Search code examples
google-cloud-spanner

Updating column in large Spanner table with concurrent writes


I want to update a column in a large table (tens of millions of rows), without bringing our application down; i.e. there will be concurrent writes to the table. I want to do this in code (Java) since the update is non-trivial, and am wondering what the best way to do it is.

An efficient approach is to open a read transaction querying all rows, then loop over all these rows (resultSet.next()) while at the same time creating a series of read/write transactions with, say, 10,000 INSERT_OR_UPDATE mutations buffered in each transaction, containing the desired updates.

The problem is that this doesn't handle concurrent writes, since these steps can happen:

  1. The read transaction mentioned above reads row X
  2. Some separate transaction updates row X
  3. The read/write transaction mentioned above uses data from step 1 and overwrites the update from step 2

To fix this, I can read the value back during the read/write transaction and verify that it hasn't changed, similar to this example here, however this seems very slow (~50 ms per call, which translates to several weeks to update the whole table).

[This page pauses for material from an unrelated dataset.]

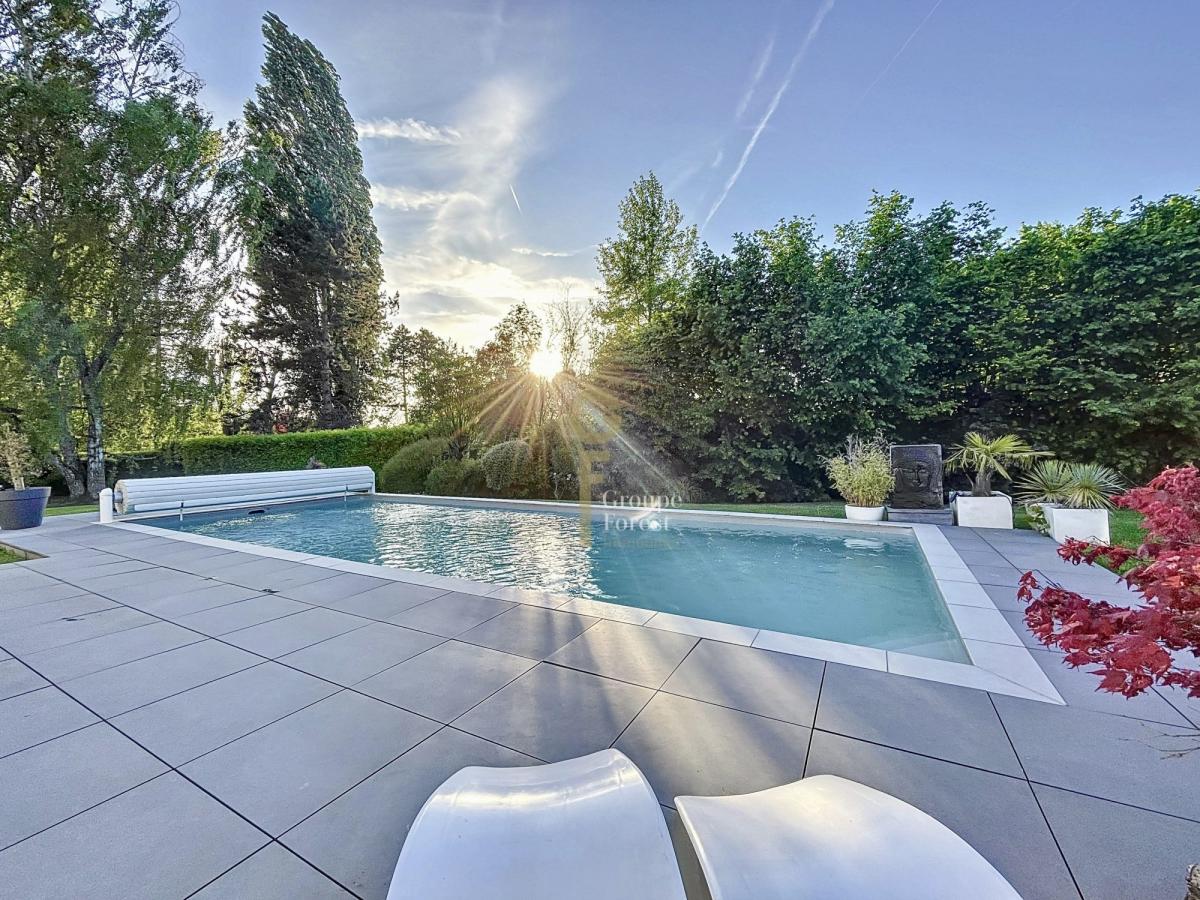 vente maison roncq refvm37299 gf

So how can I do this more efficiently? Thanks!


Solution

  • The best way to do that would be not to use a read-only transaction, but to start a read/write transaction for each batch of 10,000 records, read the values you want to update in this read/write transaction and then update these 10,000 records in the same read/write transaction. Repeat this until all records have been updated.

    So something like this:

    1. Start read/write transaction
    2. Read a batch of 10,000 records. Make sure that the order of the records is consistent by ordering on the primary key or some other unique (combination of) column(s). Limit the results by using LIMIT and OFFSET, so you get a query like this SELECT * FROM SOME_TABLE WHERE KEY>=@start AND KEY<@end LIMIT 10000
    3. Update the records and commit the transaction.
    4. Repeat until all records have been updated.